- INSTRUCTIONS TO FOLLOW
Extract only the lines from the start of the entries below to the line with "Caneca de Cerâmica - Aceita ser minha Dinda", inclusive; omit every picture.

[Captioned web images]
Content starts
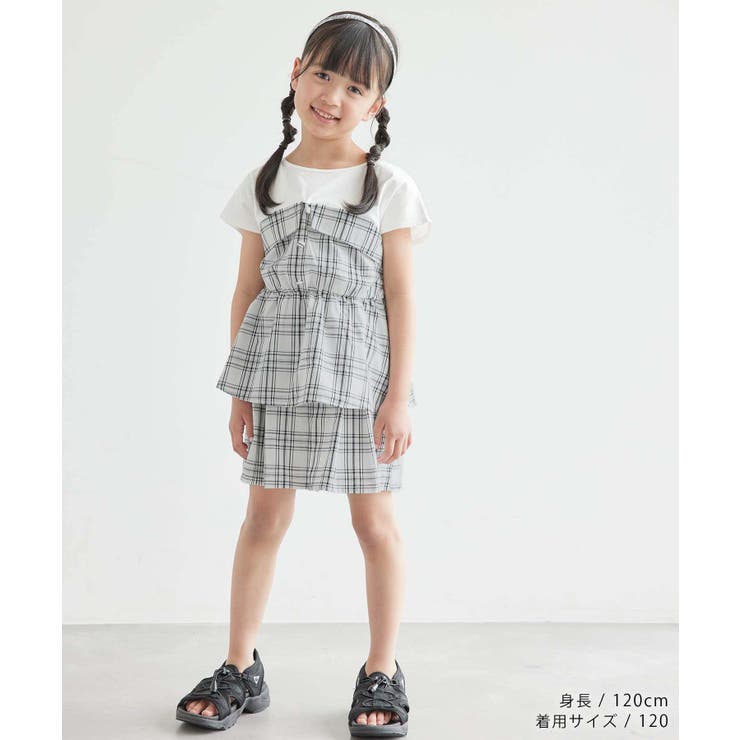 【KIDS】チェック柄タックパンツ/セットアップ対応 | ROPE' PICNIC【KIDS】 | 詳細画像2 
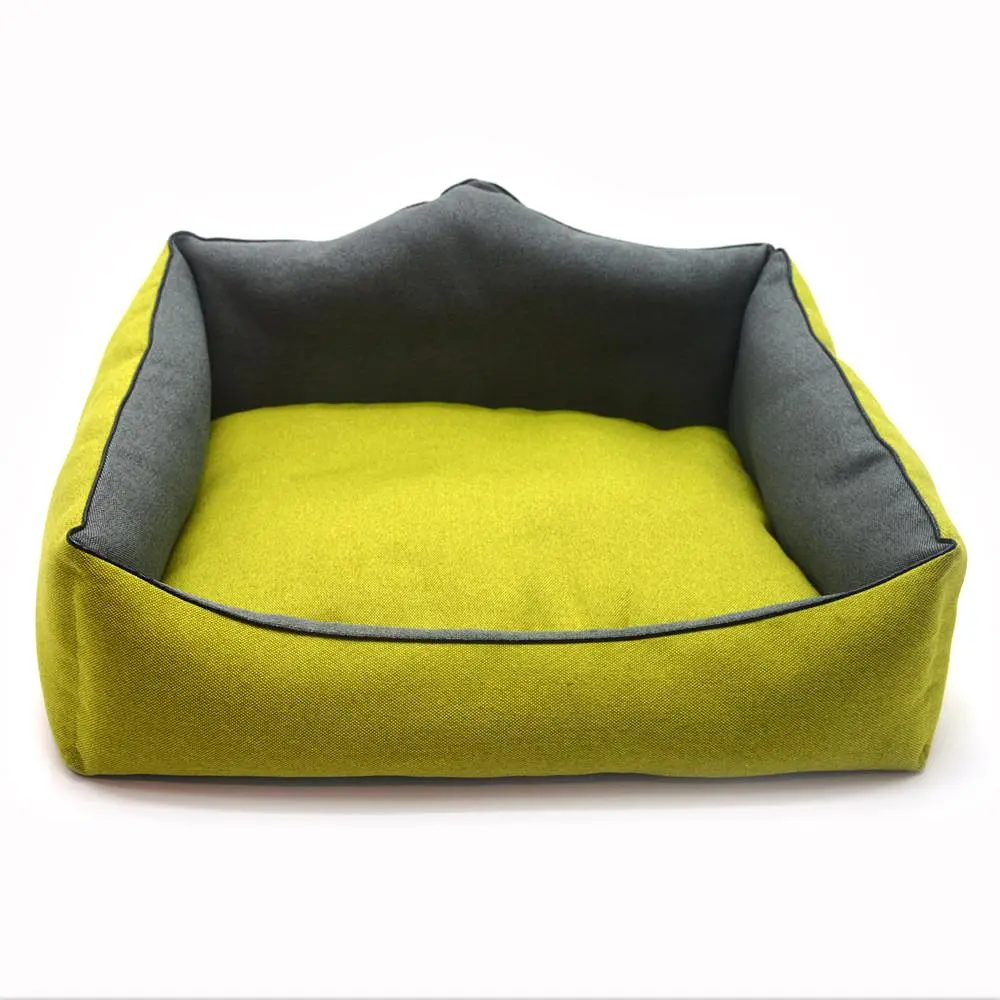 Лежак прямокутний для собак та котів Zoo-hunt Магнус салатовий №3 430х540х320 мм - фото 4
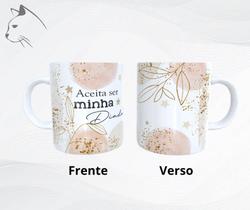 Caneca de Cerâmica - Aceita ser minha Dinda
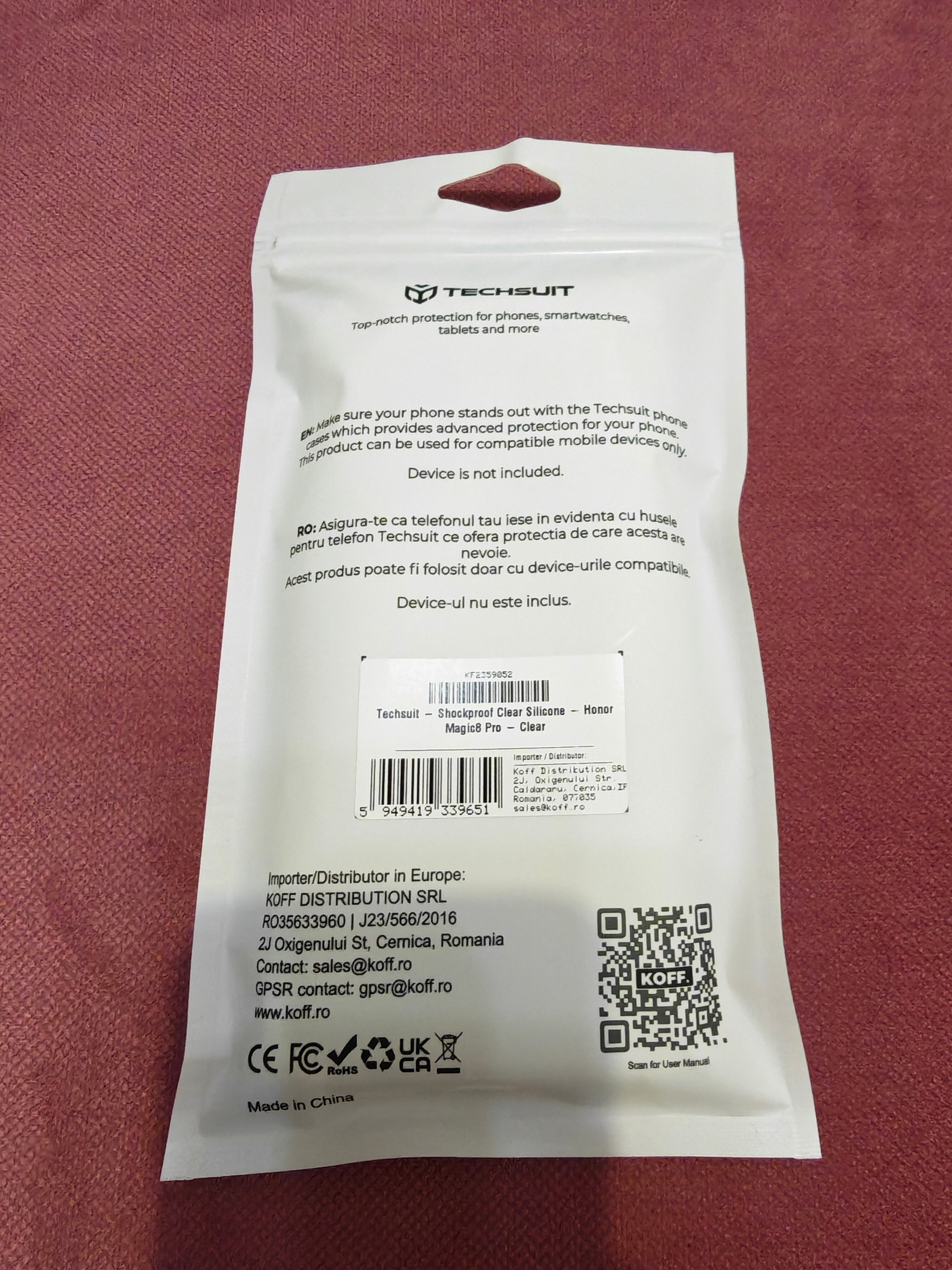 Husa Upzz® Compatibila Cu Honor Magic 8 PRO, Slim, Pastreaza Aspectul Original, Protectie La Camere, Transparenta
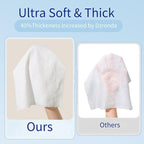 Disposable Compressed Towels, Portable Compressed Towel Tablets, 56Pcs Travel Wash Cloth, Thicker Super Absorbent Wash Cloths for Travel, Face Towel Ideal for Outdoor Camping Hiking (56Pcs)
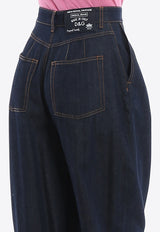 Dolce & Gabbana Denim Balloon Pants Blue FTBPDD G899T B3681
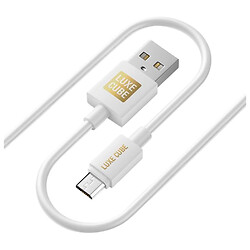 USB кабель Luxe Cube, MicroUSB, 1.0 м., Белый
Content ends
- ANSWER AREA
 【KIDS】チェック柄タックパンツ/セットアップ対応 | ROPE' PICNIC【KIDS】 | 詳細画像2 
 Лежак прямокутний для собак та котів Zoo-hunt Магнус салатовий №3 430х540х320 мм - фото 4
 Caneca de Cerâmica - Aceita ser minha Dinda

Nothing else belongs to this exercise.